What is expected:
Reproduction of part of the material below, pictures omitted: copy exactly, and only, the lines starting with the one with "Phone showing an energy bill" and going on through the one with "Aspirator cu fir vertical Hoover Synua Plus".

Available data:
_ _ _ _ _

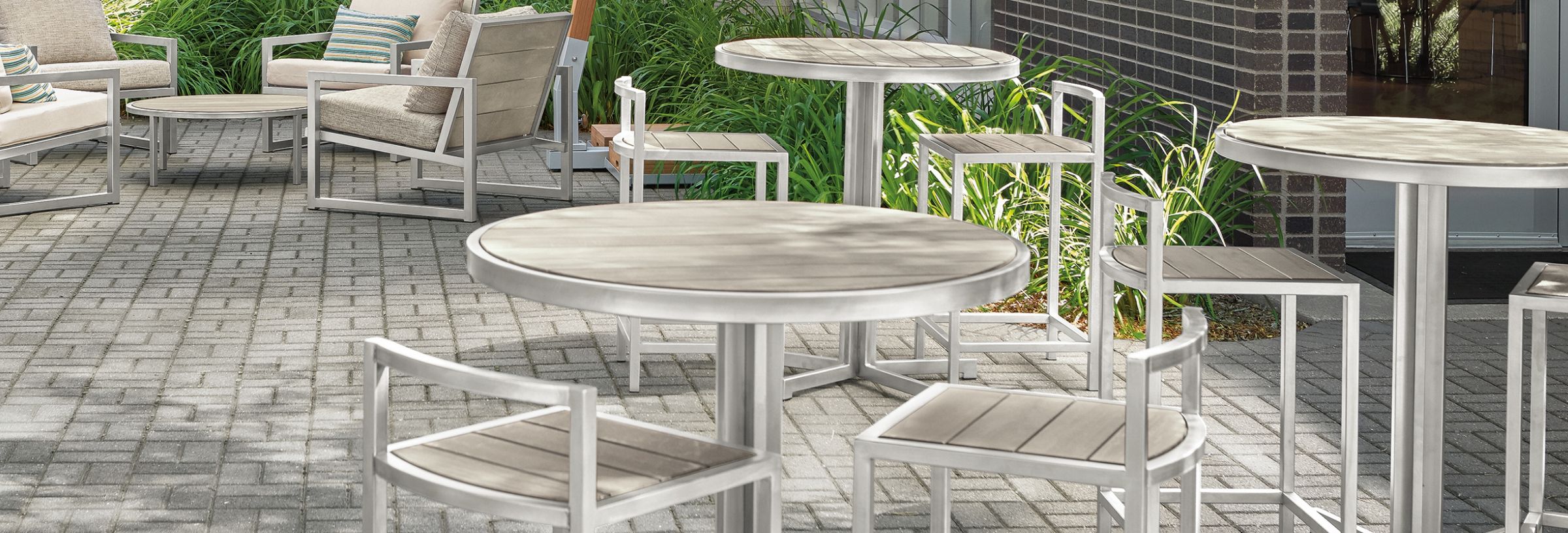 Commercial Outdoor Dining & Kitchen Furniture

_ _ _ _ _

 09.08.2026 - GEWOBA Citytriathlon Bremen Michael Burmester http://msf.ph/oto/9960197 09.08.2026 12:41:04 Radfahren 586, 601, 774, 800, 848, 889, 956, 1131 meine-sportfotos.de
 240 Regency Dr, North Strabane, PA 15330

_ _ _ _ _

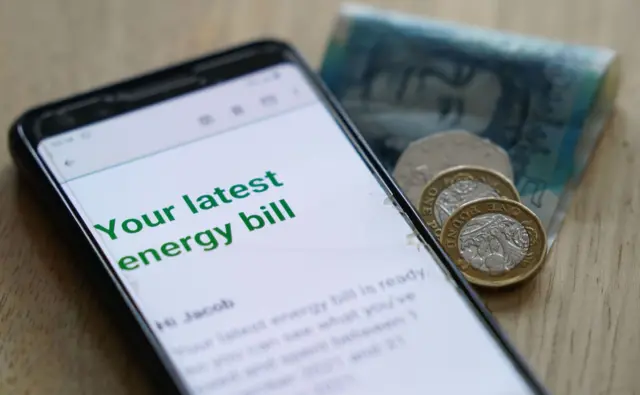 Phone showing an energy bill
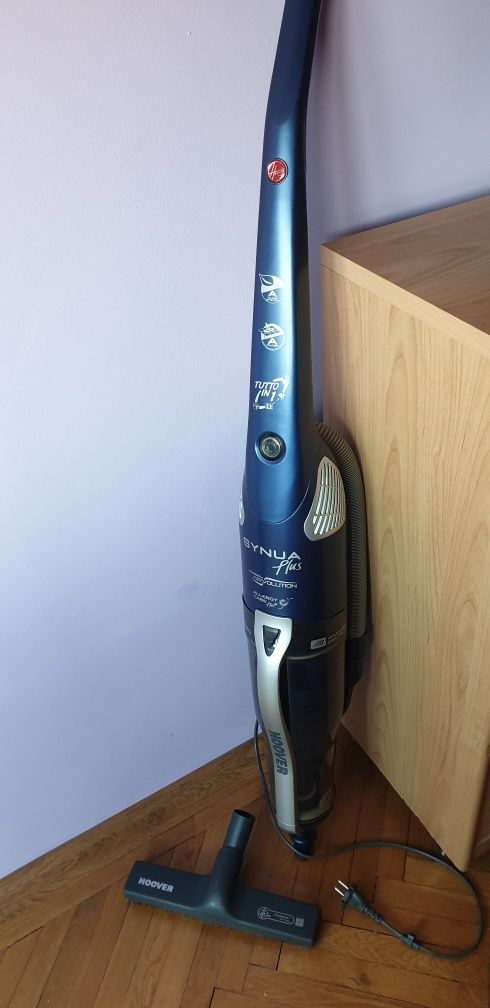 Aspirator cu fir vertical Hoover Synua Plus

_ _ _ _ _

Result for this exercise:
 Phone showing an energy bill
 Aspirator cu fir vertical Hoover Synua Plus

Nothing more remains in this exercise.